● Data listing

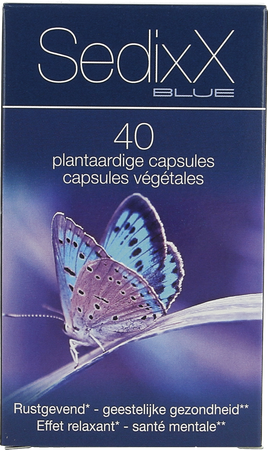 Sedixx Bleu Caps 40 5
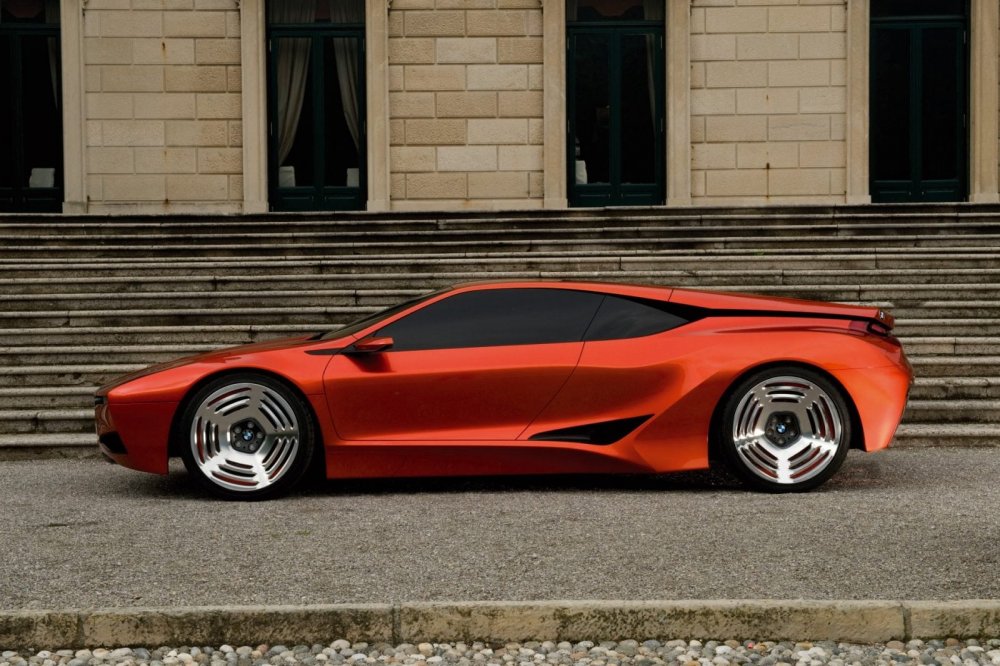 BMW m1 hommage Concept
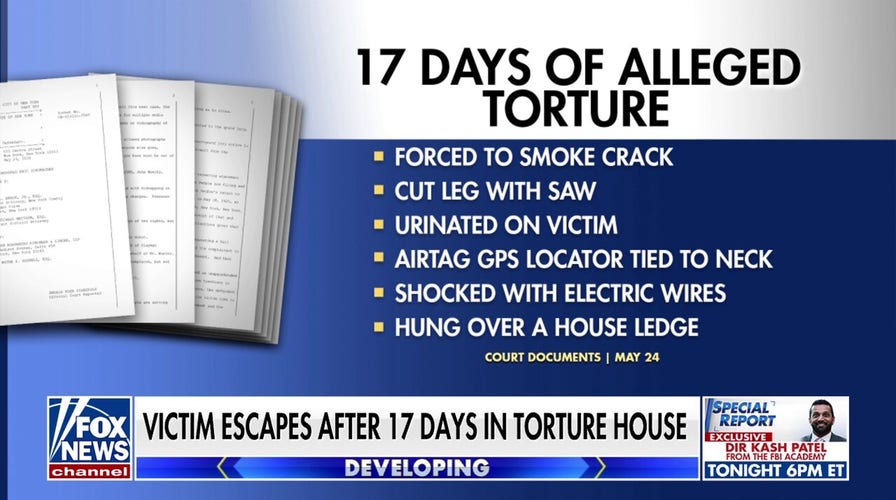 Two men accused of kidnapping, torturing multi-millionaire for weeks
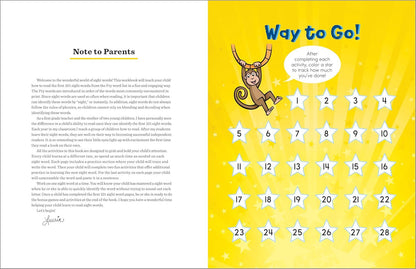 My Sight Words Workbook: 101 High-Frequency Words plus Games & Activities! (My W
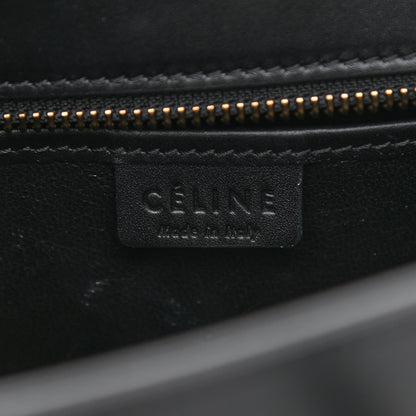 Celine Calfskin Nano Tri-Color Luggage Zinc Almond 7 of 11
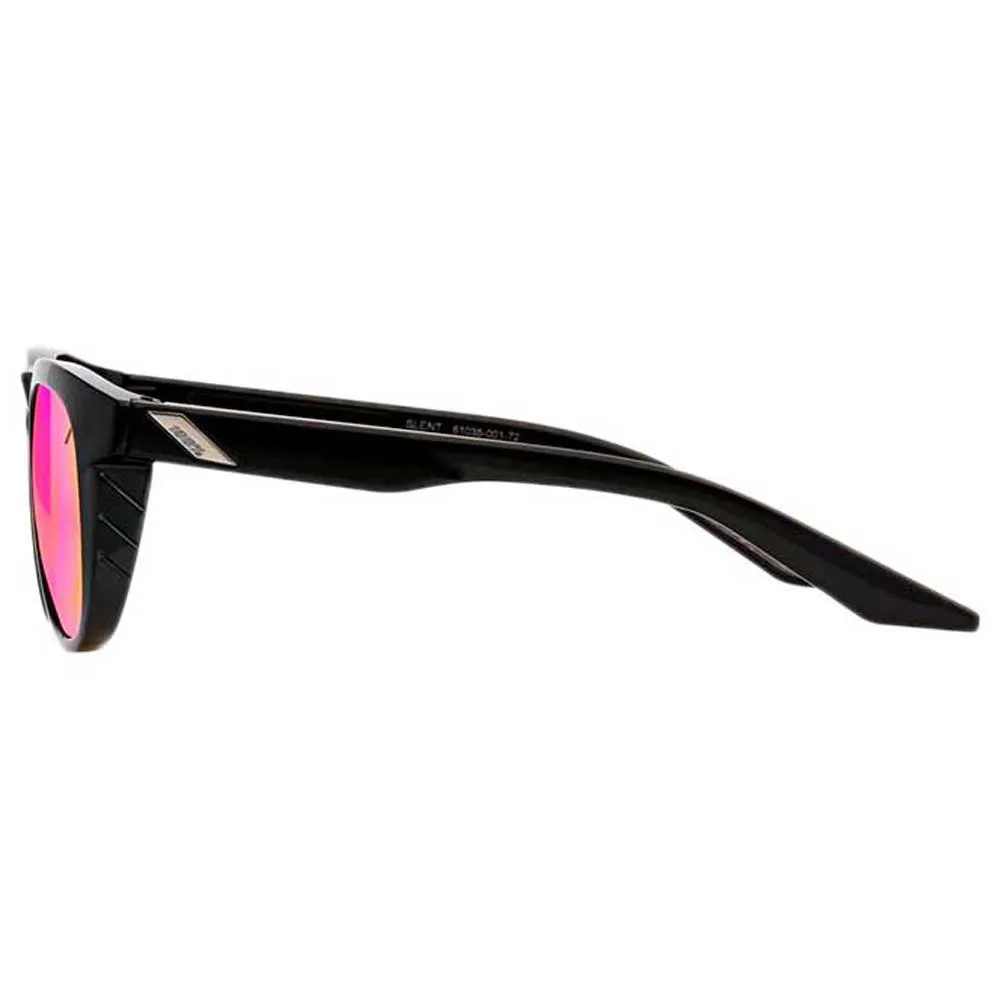100% Osfa 6 Spiegel-sonnenbrille, Polished black, Purple Multilayer Mirror/CAT3 100% Osfa 6 Spiegel-sonnenbrille, Polished black, Purple Multilayer Mirror/CAT3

● Exercise aim
Begin at the line containing "BMW m1 hommage Concept" and transcribe exactly every line through the end of the records, both ends included, leaving the pictures out.

● Response to the exercise
 BMW m1 hommage Concept
 Two men accused of kidnapping, torturing multi-millionaire for weeks
 My Sight Words Workbook: 101 High-Frequency Words plus Games & Activities! (My W
 Celine Calfskin Nano Tri-Color Luggage Zinc Almond 7 of 11
100% Osfa 6 Spiegel-sonnenbrille, Polished black, Purple Multilayer Mirror/CAT3 100% Osfa 6 Spiegel-sonnenbrille, Polished black, Purple Multilayer Mirror/CAT3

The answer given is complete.